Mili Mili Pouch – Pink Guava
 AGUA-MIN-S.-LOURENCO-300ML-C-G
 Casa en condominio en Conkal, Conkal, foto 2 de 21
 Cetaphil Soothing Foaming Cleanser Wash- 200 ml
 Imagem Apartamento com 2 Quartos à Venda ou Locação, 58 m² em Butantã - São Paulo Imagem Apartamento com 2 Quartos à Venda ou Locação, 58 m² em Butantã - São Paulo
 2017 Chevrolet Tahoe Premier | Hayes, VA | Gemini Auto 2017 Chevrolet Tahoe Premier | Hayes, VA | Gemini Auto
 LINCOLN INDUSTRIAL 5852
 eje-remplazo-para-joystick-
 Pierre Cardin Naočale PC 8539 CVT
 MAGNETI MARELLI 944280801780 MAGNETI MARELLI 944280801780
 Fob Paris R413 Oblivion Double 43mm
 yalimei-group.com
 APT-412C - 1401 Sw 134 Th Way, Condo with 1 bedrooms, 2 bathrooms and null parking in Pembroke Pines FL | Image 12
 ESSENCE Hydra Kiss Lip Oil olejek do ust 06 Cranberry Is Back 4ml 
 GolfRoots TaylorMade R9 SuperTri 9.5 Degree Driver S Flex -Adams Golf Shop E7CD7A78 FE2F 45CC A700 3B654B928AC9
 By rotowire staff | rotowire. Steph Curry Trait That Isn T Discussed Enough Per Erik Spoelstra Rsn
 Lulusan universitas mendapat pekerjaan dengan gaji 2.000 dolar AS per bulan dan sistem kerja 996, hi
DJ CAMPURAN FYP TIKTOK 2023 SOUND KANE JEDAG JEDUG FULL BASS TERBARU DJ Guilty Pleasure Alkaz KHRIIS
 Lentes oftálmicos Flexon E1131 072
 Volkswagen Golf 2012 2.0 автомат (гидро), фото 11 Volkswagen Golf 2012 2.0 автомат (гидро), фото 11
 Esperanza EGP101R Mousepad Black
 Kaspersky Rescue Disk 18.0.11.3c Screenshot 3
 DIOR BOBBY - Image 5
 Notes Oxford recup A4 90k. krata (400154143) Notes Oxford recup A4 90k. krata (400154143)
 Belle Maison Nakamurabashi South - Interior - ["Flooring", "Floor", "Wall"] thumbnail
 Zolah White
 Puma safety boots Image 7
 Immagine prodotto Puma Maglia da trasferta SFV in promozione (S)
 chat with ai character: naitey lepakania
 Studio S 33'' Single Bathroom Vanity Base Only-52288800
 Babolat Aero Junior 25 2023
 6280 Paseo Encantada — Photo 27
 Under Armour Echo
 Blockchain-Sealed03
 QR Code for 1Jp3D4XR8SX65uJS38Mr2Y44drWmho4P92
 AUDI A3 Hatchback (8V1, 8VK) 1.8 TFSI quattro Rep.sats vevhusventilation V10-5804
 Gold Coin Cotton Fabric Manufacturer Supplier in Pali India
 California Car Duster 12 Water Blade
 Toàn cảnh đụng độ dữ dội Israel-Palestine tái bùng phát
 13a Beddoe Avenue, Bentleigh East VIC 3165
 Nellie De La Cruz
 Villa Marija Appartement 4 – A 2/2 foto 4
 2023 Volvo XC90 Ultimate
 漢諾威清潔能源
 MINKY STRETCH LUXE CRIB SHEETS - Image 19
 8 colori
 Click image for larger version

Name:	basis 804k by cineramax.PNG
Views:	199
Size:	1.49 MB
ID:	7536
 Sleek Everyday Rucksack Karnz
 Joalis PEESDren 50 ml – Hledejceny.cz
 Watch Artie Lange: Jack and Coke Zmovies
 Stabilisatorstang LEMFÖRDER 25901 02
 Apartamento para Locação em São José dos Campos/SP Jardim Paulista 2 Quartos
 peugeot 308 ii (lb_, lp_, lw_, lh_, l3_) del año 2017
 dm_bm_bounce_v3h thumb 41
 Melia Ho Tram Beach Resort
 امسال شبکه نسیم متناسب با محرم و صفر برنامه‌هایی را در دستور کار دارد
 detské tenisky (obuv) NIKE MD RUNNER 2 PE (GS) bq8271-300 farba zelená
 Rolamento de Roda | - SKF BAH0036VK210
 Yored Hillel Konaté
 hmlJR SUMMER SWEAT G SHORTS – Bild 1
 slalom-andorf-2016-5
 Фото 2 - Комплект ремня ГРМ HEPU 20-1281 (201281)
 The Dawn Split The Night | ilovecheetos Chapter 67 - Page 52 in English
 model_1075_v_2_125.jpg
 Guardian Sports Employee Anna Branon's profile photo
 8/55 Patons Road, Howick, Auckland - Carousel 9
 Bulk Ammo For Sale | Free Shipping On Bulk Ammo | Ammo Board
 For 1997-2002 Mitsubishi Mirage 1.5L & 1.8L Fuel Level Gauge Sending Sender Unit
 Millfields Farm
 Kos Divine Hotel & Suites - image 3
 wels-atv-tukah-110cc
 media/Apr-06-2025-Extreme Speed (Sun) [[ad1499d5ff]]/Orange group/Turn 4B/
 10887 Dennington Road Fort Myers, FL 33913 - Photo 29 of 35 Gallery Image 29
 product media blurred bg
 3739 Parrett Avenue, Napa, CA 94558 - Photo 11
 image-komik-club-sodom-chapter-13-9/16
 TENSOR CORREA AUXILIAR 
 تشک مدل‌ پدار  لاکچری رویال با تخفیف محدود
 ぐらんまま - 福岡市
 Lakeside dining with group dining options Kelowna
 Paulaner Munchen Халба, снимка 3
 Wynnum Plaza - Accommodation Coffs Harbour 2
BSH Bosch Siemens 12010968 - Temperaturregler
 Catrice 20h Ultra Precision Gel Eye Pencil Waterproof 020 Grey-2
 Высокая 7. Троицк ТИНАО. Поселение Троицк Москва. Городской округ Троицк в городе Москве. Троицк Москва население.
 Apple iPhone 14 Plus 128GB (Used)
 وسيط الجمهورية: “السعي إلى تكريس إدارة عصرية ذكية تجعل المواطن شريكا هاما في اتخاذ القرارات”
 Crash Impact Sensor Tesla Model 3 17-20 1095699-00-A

Assignment: Could you set down, exactly as written, the lines above between the one holding "MAGNETI MARELLI 944280801780 MAGNETI" and the one holding "Volkswagen Golf 2012 2.0 автомат (гидро), фото 11 Volkswagen", inclusive, and nothing more?

Completed exercise:
 MAGNETI MARELLI 944280801780 MAGNETI MARELLI 944280801780
 Fob Paris R413 Oblivion Double 43mm
 yalimei-group.com
 APT-412C - 1401 Sw 134 Th Way, Condo with 1 bedrooms, 2 bathrooms and null parking in Pembroke Pines FL | Image 12
 ESSENCE Hydra Kiss Lip Oil olejek do ust 06 Cranberry Is Back 4ml 
 GolfRoots TaylorMade R9 SuperTri 9.5 Degree Driver S Flex -Adams Golf Shop E7CD7A78 FE2F 45CC A700 3B654B928AC9
 By rotowire staff | rotowire. Steph Curry Trait That Isn T Discussed Enough Per Erik Spoelstra Rsn
 Lulusan universitas mendapat pekerjaan dengan gaji 2.000 dolar AS per bulan dan sistem kerja 996, hi
DJ CAMPURAN FYP TIKTOK 2023 SOUND KANE JEDAG JEDUG FULL BASS TERBARU DJ Guilty Pleasure Alkaz KHRIIS
 Lentes oftálmicos Flexon E1131 072
 Volkswagen Golf 2012 2.0 автомат (гидро), фото 11 Volkswagen Golf 2012 2.0 автомат (гидро), фото 11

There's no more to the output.